The cost of a standard catered room in college is set to rise to £8301 next year, surpassing £8000 for the first time, as Durham increases catering and accommodation prices by 4.1%.
College residence charges have increased by 40% over the past decade; in the 2012/2013 academic year a standard catered room with a shared bathroom cost £5955. Meanwhile, the maximum government student support has only risen by 36%.
In previous years the University sent an email to all students, explaining such increases; however, no such communications were sent this year.
While costs are set to rise by 4.1% for the next academic year, the government is only increasing maintenance support by 2.3%. Additionally, a government study showed that high inflation means that this 2.3% rise in support is a real cut of 7%.
Formal prices have also recently risen amidst the cost of living crisis. As charges have increased, fewer and fewer students are choosing to live in college.
The University’s 10-year strategy included a pledge to have over half of students in college accommodation by 2027. However, in the case of undergraduates, the percentage of those living in college accommodation has fallen from 43% in 2016/17 to 35% in 2020/21. The percentage of postgraduate students living in accommodation provided by their college has fallen from 39% to 20% over the same period.
Regarding the increases, Durham’s 93% Club told Palatinate: “Over the past few weeks, disadvantaged students at Durham have had to face several reports that continue to shatter the possibility for optimism for the next academic year. Unfortunately, recent news about increasing accommodation fees is the latest example of this.
“Whilst as a society we understand national rises in bills, rent and catering costs, it’s extremely disappointing to see Durham respond with increased accommodation fees that are disproportionately higher than the government support available.
“The University’s silence on this charging hike is troubling and concerning.

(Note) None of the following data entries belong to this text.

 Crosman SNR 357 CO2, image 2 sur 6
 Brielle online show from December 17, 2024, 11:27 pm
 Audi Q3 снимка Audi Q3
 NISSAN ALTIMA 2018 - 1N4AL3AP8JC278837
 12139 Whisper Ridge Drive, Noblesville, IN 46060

With many having already agreed to return to living in college next year, it is simply unacceptable that some have had to find out about this amongst themselves. Calling into question the transparency of the university, it does not reassure us as a society that Durham continues to hide away from its current challenges.”
Students continue to battle many challenges while readjusting to life after the pandemic, and it is expected that we should be able to trust and rely on our university to communicate with us honestly.”

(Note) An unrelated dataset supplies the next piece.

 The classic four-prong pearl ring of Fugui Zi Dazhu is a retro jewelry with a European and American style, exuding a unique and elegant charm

Jeremy Cook, Pro-Vice-Chancellor (Colleges and Student Experience), said: “Costs of living, particularly energy and food, are rising rapidly – the Retail Price Index (RPI) measure of inflation is currently nine per cent. Increases in college fees for 2022/23 are significantly lower than this.
“In the case of fully-catered colleges, fees also provide students with 21 hot meals a week and this equates to £83 per week for this service in the 2022/23 academic year.
“We published fees for the 2022/23 academic year online at the start of this year and have communicated them during undergraduate and postgraduate open days.
“If students are experiencing financial difficulties, they can access a number of support systems. These include the Durham Grant, which is available to home undergraduates from low-income families, and an accommodation bursary available to first-year students from low-income families.”